Hispanic Vista
April 28, 2003

They Died Trying to Become Students - The Future for Latinos in an Era of War and Occupation

                          COUNTERPOINT

                          By JORGE MARISCAL
                          With the U.S. assault on Iraq moving from the invasion to the
                          occupation phase and the saber rattling continuing to echo out of
                          Pentagon, it is time to reflect on where the Latino community in
                          the United States finds itself within the larger context of the New
                          World Order.
                          Like many working class youth, Latinos and Latinas who buy
                          into the vision of military service as a short cut to college or job
                          training are simply looking for a way to grab a piece of the
                          American Dream. But the reality of that Dream continues to be
                          relatively distant for the Chicano/Mexicano community. More
                          specifically, alternatives to military
                          service available to Mexicano youth are significantly fewer than
                          for other groups. Until this fact is understood, the fundamental
                          injustice of Mexican and Chicano youth dying to "liberate" Iraq
                          (or any other developing nation) cannot be fully grasped.
                          One of the more remarked upon facts during the early days of
                          the war was the number of Spanish-surnamed soldiers and
                          marines killed or missing in action.
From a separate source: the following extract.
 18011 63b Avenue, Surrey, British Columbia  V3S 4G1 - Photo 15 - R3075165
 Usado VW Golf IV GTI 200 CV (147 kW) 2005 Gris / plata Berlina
The sense that Latino
                          communities were disproportionately sacrificing their youth once
                          again, as they had in Viet Nam, was widespread. Media outlets
                          began to comment on the fact that Latinos in
                          the military are over represented in combat and supply units
                          (especially in the Army and Marines) and thus more likely to see
                          hazardous duty.
                          The American public learned that thousands of non-citizens
                          were now in the U.S. military (approximately 3% of enlisted
                          personnel, a third of whom are from Latin America). The Bush
                          administration had established a fast track naturalization process
                          for foreign recruits in July 2002 as part of the "war on terror."
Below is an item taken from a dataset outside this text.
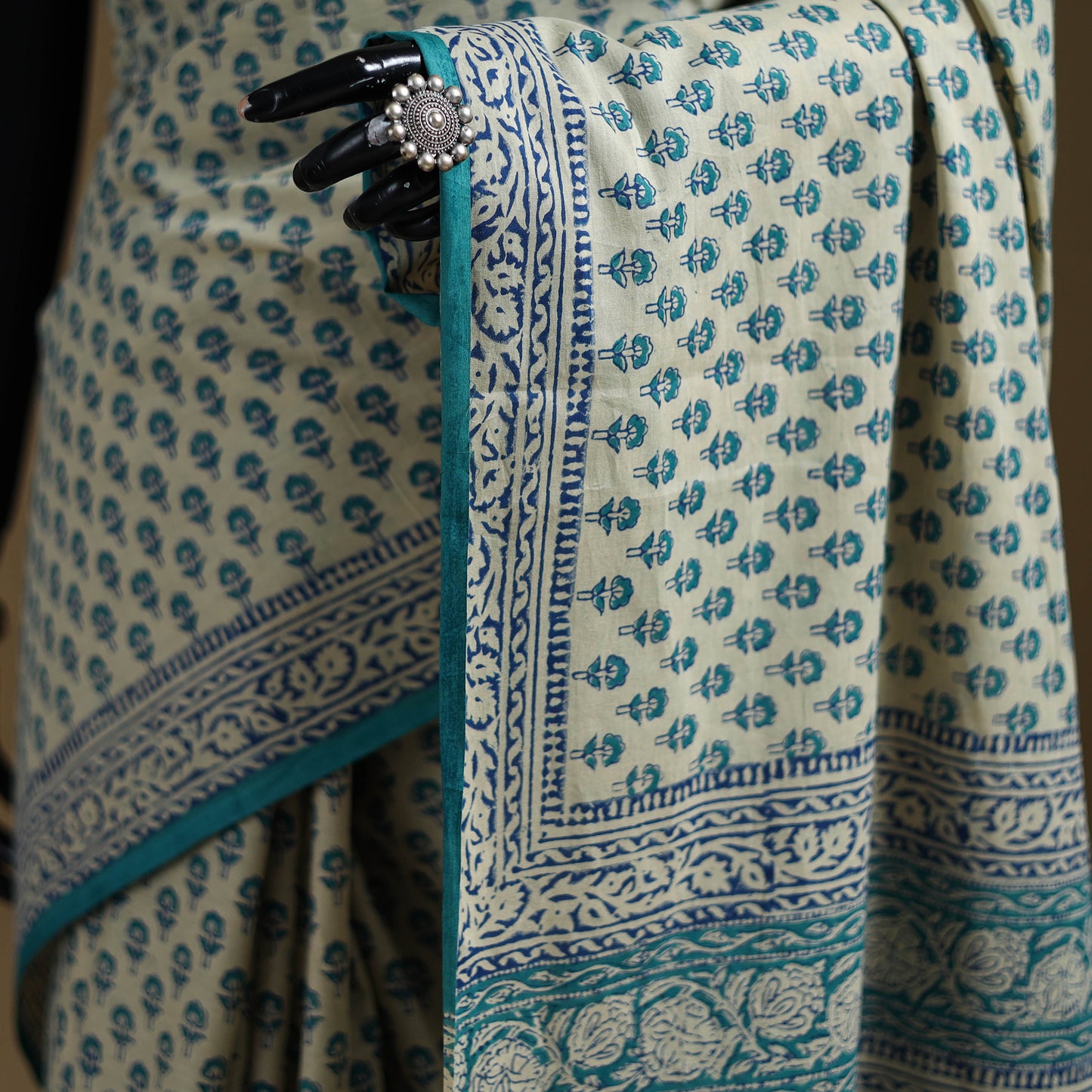 White - Gamthi Hand Block Print Pure Mul Cotton Saree with Blouse Piece 37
                          Instead of waiting three years before applying for citizenship,
                          green-card holders in the armed forces who entered after
                          September 11, 2001 could apply immediately for citizenship.
                          Such offers are often granted in limited form during periods of
                          "military hostilities" (This week John McCain, Ted Kennedy,
                          and eight other senators introduced a
                          bill that would reduce permanently the waiting period from three
                          to two years and provide benefits for non-citizen spouses of
                          non-citizen soldiers killed in action).
                          Although the Bush Executive Order contained no guarantees
                          that citizen status would be granted or even expedited, the
                          rumor that automatic citizenship was being granted for military
                          service began to circulate in Latino communities both here and
                          abroad. The number of permanent resident enlistees jumped
                          from 300 a month before the fast track reform to 1,300 a
                          month. Mexican nationals reportedly flooded consulates
                          attempting to volunteer.
                          Both citizen and non-citizen recruits most often enlist as a way to
                          get an education, seduced by the recruiters' promise of technical
                          training or money for college contingent upon an honorable
                          discharge. For the permanent residents who found themselves in
                          Iraq, their circuitous path to college carried them from Latin
                          America to the U.S.to Baghdad,
                          al-Nasiriyah, and Mosul. Some of them will not be attending
                          classes as they and their families had hoped. Instead they died in
                          the line of duty and subsequently received posthumous
                          citizenship amidst much fanfare and flag-waving.
                          Many in Latino communities, including some parents of the fallen
                          soldiers, sought refuge in traditional patriotic sentiments. The
                          father of colombiano Diego Rincón, an Army private killed in a
                          suicide bombing, was quoted as saying "The only thing that
                          keeps me going now is to make sure that he's buried as an
                          American. That will be my dream come
                          true" (USA Today, 4/9/03).
                          Writing on the HispanicVista.com*  website about the death of
                          Guatemalan national José Gutiérrez, Gil Contreras wrapped
                          himself in the flag, "honor," and "Semper Fi" before criticizing
                          Chicano and Chicana antiwar protestors for complaining too
                          much. The subtitle of Contreras's article made the cynical
                          assertion that Latino casualties proved that "Latinos can be more
                          than gang members & criminals." Not unlike assimilationists from
                          earlier periods, Contreras apparently prefers dead heroes to
                          living and productive citizens.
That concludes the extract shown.